Open command replaced launch. Launch could open a file with an app you choose. It this option gone now?

On macOS, use NSSharingService.
Example project: NSSharingService example

And don’t assume that every macOS user is using Mail.app.
NSSharingService (Apple Developer Documentation) should take care of that, too.

Thanks Jurg, I will try this.
Still I would like to know if Xojo can open a file with a specific app like it used to.

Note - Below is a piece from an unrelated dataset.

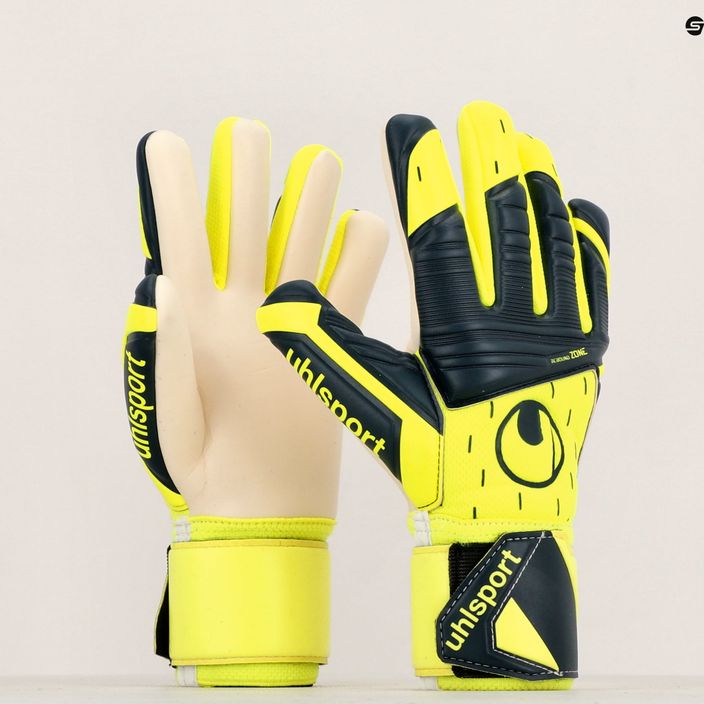 Children's goalkeeper gloves uhlsport Classic Absolutgrip Hn Pro Jr. neon yellow/green/white 4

this open Mozilla Thunderbird Mailer with Text File as Attachment

Var a As FolderItem = New FolderItem("C:\Program Files\Mozilla Thunderbird\thunderbird.exe",FolderItem.PathModes.Native)
a.Open(Encodings.UTF8.Chr(34)+"C:\Users\Markus\Desktop\Neues Textdokument.txt"+Encodings.UTF8.Chr(34))

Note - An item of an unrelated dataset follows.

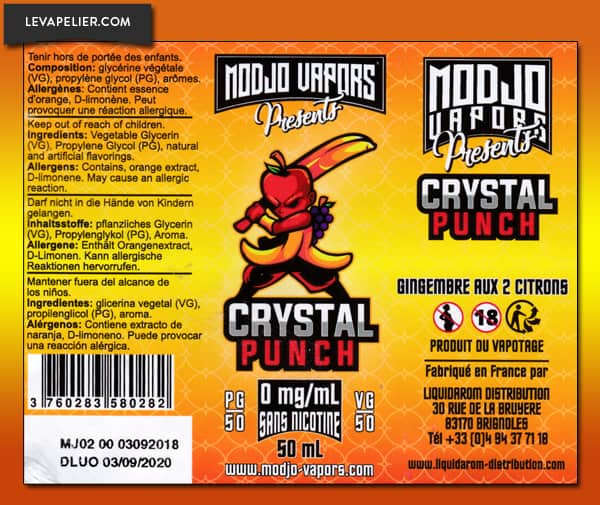 Crystal Punch (Gamme Modjo Vapors) par Liquidarom - 1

i used “” around because space in path. without “” the space would be a argument separator.

your problem is the mixed up fDoc & fApp
u will open the app with the pic as argument.

i think
fDoc.Open(fApp.NativePath,True)
should be
fApp.Open(fDoc.NativePath,True)

1 Like

I’m still having macOS in mind in this reply…

In theory and according to Xojo’s Documentation this should work (assuming the .app you’re launching is accepting a parameter, which is a shell path to a file that it’s going to open):

fApp.Open(fDoc.ShellPath, True)

If that doesn’t work, another option would be to use a Shell (same assumption as above regarding parameters):

Dim s As New Shell
s.Execute("open -n " + fApp.ShellPath + " " + fDoc.ShellPath)

Having said that, just another thing to keep in mind:

That most likely won’t work on the latest macOS Versions. System Applications are located in a different folder/volume. You shouldn’t try to locate an .app like this, but ask the OS where to find the app with a specific BundleID (in your example this would be: com.apple.mail).
Here is an example project that shows how to find an .app by BundleID, list all possible “Application Directories”, list all applications that can deal with a given file: App Directories example

I’ve just tried this quickly on macOS Big Sur.

  • fApp: /System/Applications/Preview.app
  • fDoc: /path/to/a/picture.png

Code:

fApp.Open(fDoc.ShellPath, True)    [2021r2.1]
fApp.Launch(fDoc.ShellPath, True)  [2021r2.1, 2018r4]
  • works as expected when built with Xojo 2018r4
  • just opens Preview.app (which is asking for a file to be opened) when built with Xojo 2021r2.1

Makes me think that the revamped FolderItem (Xojo 2019r2: FolderItem updated to use latest OS APIs on macOS) is still not working as expected for this situation :frowning:
If so… then Shell should be an alternative.

Only just saw and downloaded your NSSharingService example. Looks great! Trying tomorrow.